Last night I attended a Sunday Mass at an average-sized parish in Charlotte. That was unusual for me. Having worked third shift Saturday night/Sunday morning, I could not get up for the liturgy I usually attend, the 11:00 am Mass at Belmont Abbey. I must say that I was appalled. The music by the teenaged choir was, without interruption or mixture, the worst of the saccharine, 70s Jesuit stuff I thought I had left behind for good after abandoning the Catholic campus ministry in college three decades ago. The priest—whom nobody would mistake for an intellectual, or even for an NPR listener—practically tied himself in knots with solecisms. His five-minute homily, which relied on The Lone Ranger as an extended metaphor, preceded a long presentation by a portly, middle-aged woman about the Diocesan Support Appeal. The chief feature of that was exhaustive number-crunching done dialogically with the congregation in the format of a quiz show. (Don't ask any more, please.) That lasted fifteen minutes; they ought to give partial indulgences for having to sit through such a thing. Toward the end of it I began reading the classifieds in my search for an affordable apartment. Catholic Social Services in the diocese, I had recently discovered, doesn't "do housing."

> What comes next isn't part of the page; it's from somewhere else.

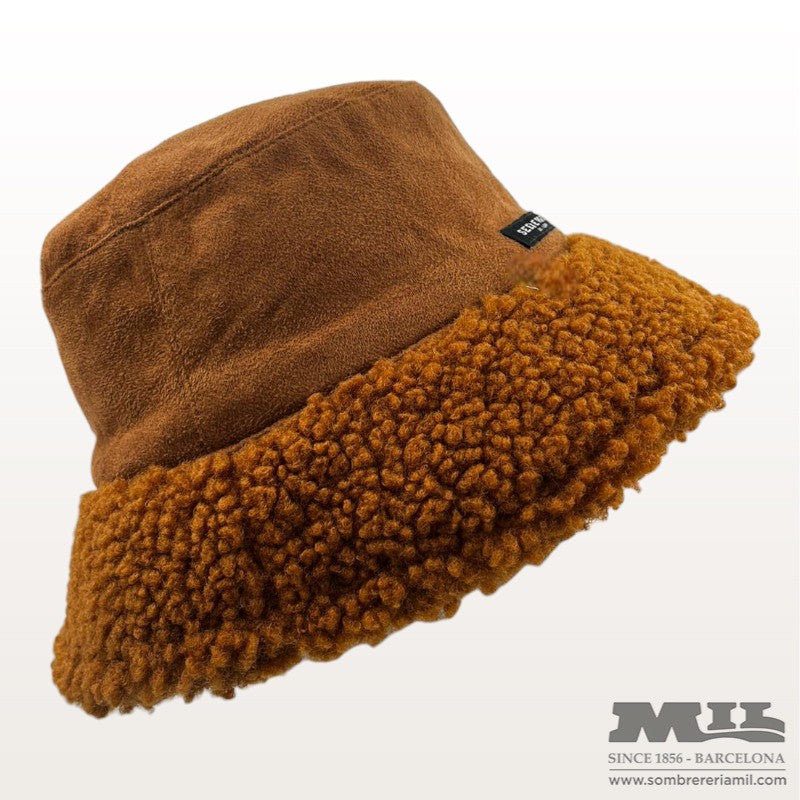 Teddy Fur Bucket | Seeberger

The announcements that immediately followed the usual drab Liturgy of the Eucharist took another ten minutes. In good Catholic fashion, I left after five of those minutes so as to beat the crowd out of the parking lot; there are, after all, few places on earth more dangerous than the parking lot of a Catholic church after Mass. All I could do as I sped forth was grit my teeth, offer it up to the Lord inside me, and make my way to my favorite pub for an oatmeal stout.

What can one say? In the Catholic Church, it is time to "reform the reform" of the liturgy so that Mass once again becomes a place where the eternal can be perceived as penetrating and elevating the temporal. One gets the sense that many Catholics, including clergy, don't even know what that means anymore. Yet as I've also observed, enough do to make such a reform doable.

A good place to start is to, um, turn toward the Lord physically. Let's bring back celebration of the Mass ad orientem, which means that both priest and people symbolically face the Lord together by facing east during those parts of the Mass when the priest addresses God on the people's behalf. For more on that topic, I recommend Fr. Scott Newman's recent post and the book he himself recommends.

Pope John Paul II's private chapel did Mass that way. There's no reason why it can't even be offered as an option for the mass of laity. I'd bet the bishops would be surprised at how well received the option would be.